Recently I read yet another report (http://www.komotv.com/stories/42263.htm) of stolen laptops resulting in a bigger loss then the monetary cost of the hardware. When we interact with different companies and provide personal information, such as credit cards, bank accounts, social security numbers, or even our mothers’ maiden names, we are entrusting the company to handle that information securely. In the world of electronic commerce and convenience, a game of “Russian Roulette” is being played with the trigger being pulled each time a computer is lost. The cost is a thief being interested in the sensitive information that is left as easy pickings on the hard disk. I want to put an end to that game.
When I joined System Integrity (then NGSCB) 2½ years ago, I had the opportunity to become part of the solution to this issue, in what has become BitLocker Drive Encryption (BDE).

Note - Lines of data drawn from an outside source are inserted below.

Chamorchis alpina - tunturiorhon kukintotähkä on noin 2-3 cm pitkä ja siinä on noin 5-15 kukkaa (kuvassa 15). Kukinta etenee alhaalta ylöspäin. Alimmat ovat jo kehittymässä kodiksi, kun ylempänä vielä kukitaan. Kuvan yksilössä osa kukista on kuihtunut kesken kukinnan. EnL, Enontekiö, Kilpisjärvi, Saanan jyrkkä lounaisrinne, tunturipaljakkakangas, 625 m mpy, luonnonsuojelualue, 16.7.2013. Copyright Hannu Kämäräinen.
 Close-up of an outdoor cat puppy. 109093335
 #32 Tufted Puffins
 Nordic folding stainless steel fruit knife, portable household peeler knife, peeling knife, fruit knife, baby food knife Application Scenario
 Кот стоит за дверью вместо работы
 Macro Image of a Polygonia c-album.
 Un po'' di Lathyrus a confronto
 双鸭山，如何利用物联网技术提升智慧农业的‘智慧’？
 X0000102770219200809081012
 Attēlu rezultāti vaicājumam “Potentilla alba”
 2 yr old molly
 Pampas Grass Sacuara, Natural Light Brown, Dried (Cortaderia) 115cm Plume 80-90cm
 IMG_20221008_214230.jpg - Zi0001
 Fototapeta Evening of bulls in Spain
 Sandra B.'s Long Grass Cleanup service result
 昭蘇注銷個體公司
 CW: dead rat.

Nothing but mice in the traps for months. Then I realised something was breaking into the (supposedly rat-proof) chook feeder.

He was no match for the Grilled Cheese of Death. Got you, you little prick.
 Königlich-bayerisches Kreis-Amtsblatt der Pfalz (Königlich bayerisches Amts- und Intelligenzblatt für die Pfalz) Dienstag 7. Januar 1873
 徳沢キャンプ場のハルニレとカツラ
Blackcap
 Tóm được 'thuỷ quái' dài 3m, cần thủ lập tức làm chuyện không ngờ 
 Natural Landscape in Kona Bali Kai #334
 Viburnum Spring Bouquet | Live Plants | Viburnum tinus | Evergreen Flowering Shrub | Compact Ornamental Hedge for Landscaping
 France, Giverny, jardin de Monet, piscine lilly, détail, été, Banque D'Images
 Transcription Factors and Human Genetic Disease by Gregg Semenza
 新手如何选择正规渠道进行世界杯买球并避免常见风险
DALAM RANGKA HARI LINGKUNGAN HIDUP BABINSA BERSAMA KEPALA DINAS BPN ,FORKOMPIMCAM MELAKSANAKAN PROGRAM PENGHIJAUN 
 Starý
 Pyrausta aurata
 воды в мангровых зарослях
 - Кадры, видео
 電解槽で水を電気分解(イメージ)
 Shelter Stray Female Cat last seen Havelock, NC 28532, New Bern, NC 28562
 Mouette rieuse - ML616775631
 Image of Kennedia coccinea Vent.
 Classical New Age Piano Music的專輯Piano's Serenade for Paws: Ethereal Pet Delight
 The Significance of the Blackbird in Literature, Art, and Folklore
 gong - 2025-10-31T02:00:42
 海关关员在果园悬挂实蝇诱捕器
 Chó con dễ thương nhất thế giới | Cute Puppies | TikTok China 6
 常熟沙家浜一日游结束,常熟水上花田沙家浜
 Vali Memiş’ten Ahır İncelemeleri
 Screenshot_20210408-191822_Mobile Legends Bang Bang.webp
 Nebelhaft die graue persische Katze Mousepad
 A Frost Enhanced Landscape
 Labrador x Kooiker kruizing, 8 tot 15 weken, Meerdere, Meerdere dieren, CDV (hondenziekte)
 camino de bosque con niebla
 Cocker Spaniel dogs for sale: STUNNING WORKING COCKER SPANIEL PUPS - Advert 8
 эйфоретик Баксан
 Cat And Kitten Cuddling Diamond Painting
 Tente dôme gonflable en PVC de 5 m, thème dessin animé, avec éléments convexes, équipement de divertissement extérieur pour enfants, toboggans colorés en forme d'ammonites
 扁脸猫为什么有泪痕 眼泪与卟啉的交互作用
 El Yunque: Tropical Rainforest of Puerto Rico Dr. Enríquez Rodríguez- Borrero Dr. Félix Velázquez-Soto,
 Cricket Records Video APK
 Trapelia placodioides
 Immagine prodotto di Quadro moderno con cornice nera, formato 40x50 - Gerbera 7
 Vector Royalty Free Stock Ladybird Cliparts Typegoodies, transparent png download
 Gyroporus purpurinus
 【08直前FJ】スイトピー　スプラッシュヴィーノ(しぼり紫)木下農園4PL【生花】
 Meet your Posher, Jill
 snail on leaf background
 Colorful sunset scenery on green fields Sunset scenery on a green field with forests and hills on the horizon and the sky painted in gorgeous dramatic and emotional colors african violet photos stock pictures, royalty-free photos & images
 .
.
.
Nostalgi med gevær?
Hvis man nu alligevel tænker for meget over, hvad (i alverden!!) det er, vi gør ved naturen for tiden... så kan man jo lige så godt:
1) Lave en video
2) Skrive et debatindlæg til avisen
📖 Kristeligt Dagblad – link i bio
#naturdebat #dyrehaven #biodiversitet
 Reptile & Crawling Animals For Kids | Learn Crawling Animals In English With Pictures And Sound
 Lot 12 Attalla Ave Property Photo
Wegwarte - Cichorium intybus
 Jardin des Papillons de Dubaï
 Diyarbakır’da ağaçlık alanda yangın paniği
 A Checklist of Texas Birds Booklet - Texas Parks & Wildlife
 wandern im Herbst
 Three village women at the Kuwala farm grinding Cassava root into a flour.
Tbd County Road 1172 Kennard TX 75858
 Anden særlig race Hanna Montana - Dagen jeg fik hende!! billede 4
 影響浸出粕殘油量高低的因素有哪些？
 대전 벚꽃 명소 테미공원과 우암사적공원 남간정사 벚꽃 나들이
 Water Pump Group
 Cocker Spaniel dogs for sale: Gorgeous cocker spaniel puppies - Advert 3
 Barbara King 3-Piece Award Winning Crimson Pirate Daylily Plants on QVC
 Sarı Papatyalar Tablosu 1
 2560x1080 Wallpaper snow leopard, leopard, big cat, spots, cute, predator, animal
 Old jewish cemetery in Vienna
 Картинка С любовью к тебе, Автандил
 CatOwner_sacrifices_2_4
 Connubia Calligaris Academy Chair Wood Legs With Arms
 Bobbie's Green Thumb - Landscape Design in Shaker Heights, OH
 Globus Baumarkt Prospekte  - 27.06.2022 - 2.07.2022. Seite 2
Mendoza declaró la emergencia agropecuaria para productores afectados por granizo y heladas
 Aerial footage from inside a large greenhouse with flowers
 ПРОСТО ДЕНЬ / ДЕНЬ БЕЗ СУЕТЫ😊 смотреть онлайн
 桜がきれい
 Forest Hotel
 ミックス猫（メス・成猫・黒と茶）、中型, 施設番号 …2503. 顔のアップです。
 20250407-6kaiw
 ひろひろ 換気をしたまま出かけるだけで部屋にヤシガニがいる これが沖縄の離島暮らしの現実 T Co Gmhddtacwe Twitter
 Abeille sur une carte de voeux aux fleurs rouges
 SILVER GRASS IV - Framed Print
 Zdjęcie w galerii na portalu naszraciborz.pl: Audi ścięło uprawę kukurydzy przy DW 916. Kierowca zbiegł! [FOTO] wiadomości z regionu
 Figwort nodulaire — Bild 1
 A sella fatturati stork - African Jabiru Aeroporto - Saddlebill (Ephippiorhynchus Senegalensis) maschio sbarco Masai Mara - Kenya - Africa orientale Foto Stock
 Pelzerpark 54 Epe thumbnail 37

The great thing about being on this project is not just making it part of the Windows product, but also the excellent engineers I work with, and interact with while solving very interesting problems.
Let me give you an example. Consider the fact that the whole operating system is encrypted. The kernel, the HAL, the registry, the hibernation file, the paging file, and all the boot drivers (including the BDE driver) are encrypted. The NTFS MFT (Master File Table) is encrypted, so none of these files can be found. A key is required to decrypt the disk. Where do we get this key from? And how do we decrypt the kernel? How do we ensure that the boot code has not been tampered with?
Working with the boot architecture engineers, “bootmgr,” “winload.exe” and “winresume.exe” contain some of the code that exists in the BDE driver so that the operating system files can be found and decrypted. With this merged technology the hibernation file can be decrypted as it is loaded into memory.
Working with OEM’s, and the TCG, new hardware is appearing containing the latest TPM generation. OEM’s are adding security features and support functions into their BIOSes to allow any operating system (not just Windows) to utilize the TPM during boot. Using this technology a key can be encrypted by hardware and only decrypted if certain conditions are met. If multiple operating systems exist on the computer, each one can maintain their own set of conditions separate from each other.
Managing keys in a multi-boot environment has its own set of challenges. I (and others) have lost sleep working through different scenarios on how someone may try to break the security of BDE and making sure we have all of our bases covered. We have every reason to make sure we got it right, as it’ll be really embarrassing if we miss something that we should have caught. We have Penetration testers to help keep us on our toes and make sure we write code with an eye to the most experienced hackers.
So what got me out of bed? I enjoy technology, I enjoy challenges, and I enjoy being part of the solution that BitLocker Drive Encryption is providing.